Next week we’re going to Devon and we’ll both have a good time.

It’s what you sign up for when you take on a dog that you know from the start is going to be challenging.


----------



## Gingerfish (Jan 6, 2021)

We're off to Norfolk with them in September so yes we normally holiday with dogs in the UK. I didn't know this dog was going to be this challenging, a common lament but I CBA to go into a long explanation of why here but once you've got them, you've got them.



Lurcherlad said:


> If the Romanian rescue would be ok with a sitter they were introduced to beforehand, you could just stipulate that the dogs don't get taken out and nobody else enters the house at all while you're away.
> 
> It would be fine for a week…. 2 would be a push.
> 
> Tbh I would just holiday in the UK and take the dogs so I had control of the environment.


Thanks - we're doing a night at my parents next week to 'practice' sleeping in a new environment when we go away and our cottage is all ground floor so he can sleep in our room or at least know where we are, and vice versa.



simplysardonic said:


> If they're reputable & experienced there's no reason why they won't follow your explicit instructions when it comes to their care & management.
> 
> In the case of your Rommie dog I would contact potential sitters ASAP, to discuss their needs & arrange for them to have multiple meetings with the dog so they can get to know each other & see how it goes from there.


Thanks that's really helpful advice.

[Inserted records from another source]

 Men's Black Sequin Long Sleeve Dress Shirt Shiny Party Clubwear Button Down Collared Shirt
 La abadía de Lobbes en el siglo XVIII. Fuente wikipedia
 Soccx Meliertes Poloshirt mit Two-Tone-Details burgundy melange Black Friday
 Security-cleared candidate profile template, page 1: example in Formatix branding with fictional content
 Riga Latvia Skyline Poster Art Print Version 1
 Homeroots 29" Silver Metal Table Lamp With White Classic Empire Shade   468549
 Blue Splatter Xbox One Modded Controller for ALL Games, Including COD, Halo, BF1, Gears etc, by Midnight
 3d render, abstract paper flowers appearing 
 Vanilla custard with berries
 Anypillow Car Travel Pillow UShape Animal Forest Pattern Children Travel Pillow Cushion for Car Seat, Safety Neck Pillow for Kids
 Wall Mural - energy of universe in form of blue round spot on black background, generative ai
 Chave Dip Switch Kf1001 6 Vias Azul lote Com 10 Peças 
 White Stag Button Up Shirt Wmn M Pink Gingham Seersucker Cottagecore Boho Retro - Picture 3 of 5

We don't have any holidays abroad booked as we need to sort the dogs first - and that's what we have been doing with my parents, slowly building the time and what they do together!


----------



## rona (Aug 18, 2011)

I'm in a similar position, my new inherited dog is preventing us doing so much, luckily mine loves people, it's just dogs he can't deal with.
I've found two local house/pet sitters that will move in here. 
I'm going to meet one next week with the dog and see how we all get on. I'll then book her for a few half day/full day care while we go out together again! 
If all goes well, we can at least look at the odd weekend away. Not sure I would feel comfortable for longer than that. He's a very sensitive soul and if she gets something wrong, he could get very stressed


----------



## Teddy-dog (Nov 2, 2017)

Have a look for dog walkers that do pet sitting too in your area (who stay in your home)
Some people do exclusive pet sitting too. Find someone who understands your dogs issues and you feel you can trust (and knows something about training and dealing with reactive dogs). I do pet sitting myself and would happily take on a dog like yours for a week as long as I understood his issues beforehand and had space to walk him solo on my walking days. There are pet sitters who will know how to deal with reactive dogs and ones that might not so you may just need to chat to a few before you pick one. 
Let your dog have a few visits/walks beforehand so they can build a relationship and trust.


----------



## Gingerfish (Jan 6, 2021)

Teddy-dog said:


> Have a look for dog walkers that do pet sitting too in your area (who stay in your home)
> Some people do exclusive pet sitting too. Find someone who understands your dogs issues and you feel you can trust (and knows something about training and dealing with reactive dogs). I do pet sitting myself and would happily take on a dog like yours for a week as long as I understood his issues beforehand and had space to walk him solo on my walking days. There are pet sitters who will know how to deal with reactive dogs and ones that might not so you may just need to chat to a few before you pick one.
> Let your dog have a few visits/walks beforehand so they can build a relationship and trust.


Thank you - good advice


----------